How does Make It Even handle multiple currencies on a group trip?
Each expense is logged in the currency it was paid in. Make It Even fetches that day's exchange rate and locks it to the expense permanently. All balances are displayed in your group's chosen base currency. Rates never retroactively update, so your final settlement reflects actual costs.
What if someone pays for part of an expense and someone else pays for the rest?
Log it as a single expense with multiple payers. Enter each payer's contribution separately, set the participants and split method, and Make It Even calculates each person's net obligation correctly.
How do I handle a group trip expense that only some people participated in?
When adding the expense, set only the people who actually participated as members of the split.
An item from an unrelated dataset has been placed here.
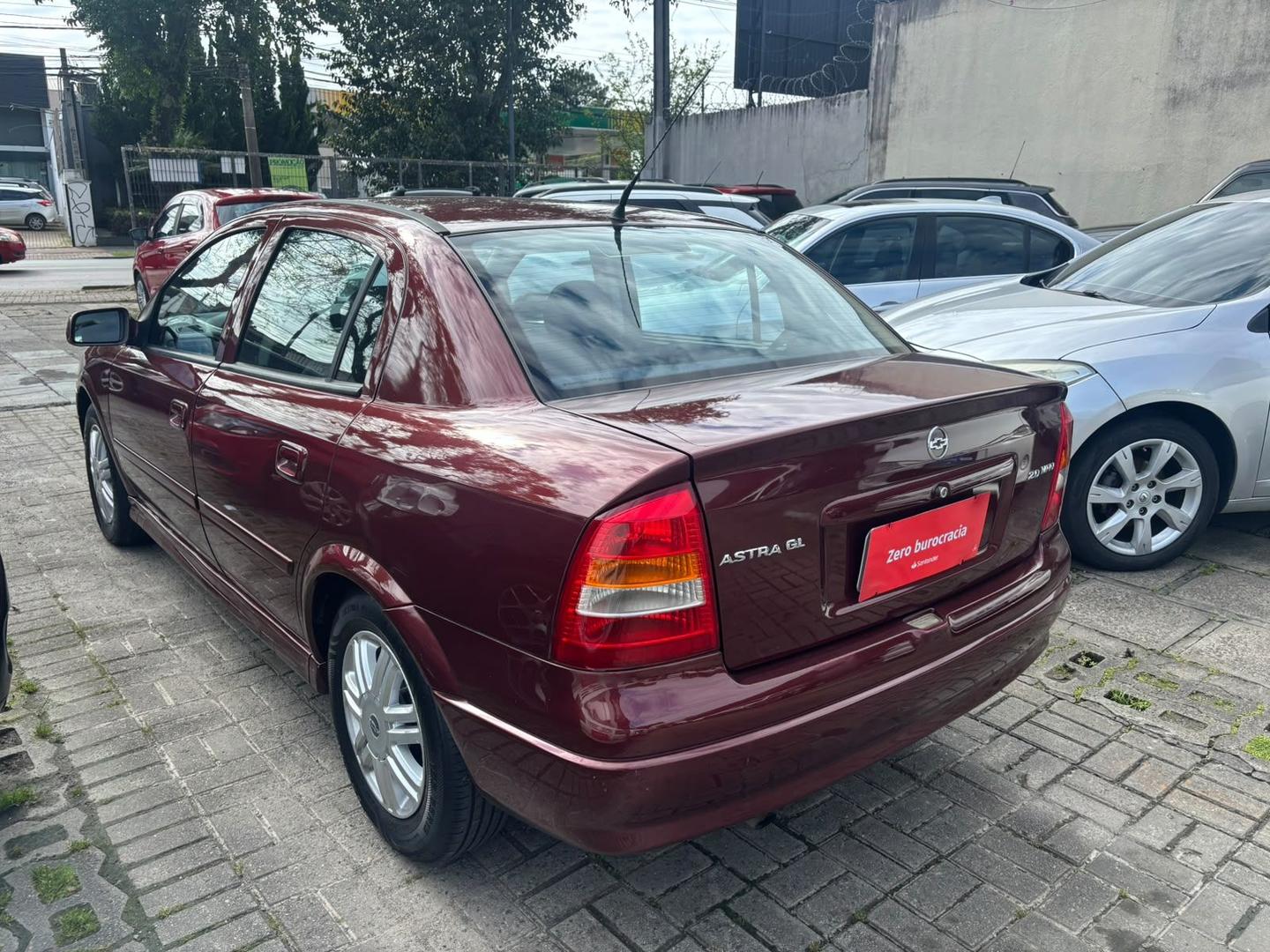Foto de CHEVROLET ASTRA GL 1999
The others' balances won't be affected. This is the right approach for any sub-group activity—day trips, optional excursions, meals where not everyone joined.
What's the best way to settle up after a group trip?
Check the group's balance summary after all expenses are logged. Make It Even calculates the minimum number of payments needed to settle all balances. Use the built-in PayPal, Venmo, or Cash App links to send and request money, then mark each settlement complete in the app.
Does it matter which currency I set as the base currency for a trip group?
Use the currency most people in the group think in—usually the home currency of most travelers. It only affects how balances are displayed; the math is the same regardless. You can't change it after expenses are logged, so decide before the trip.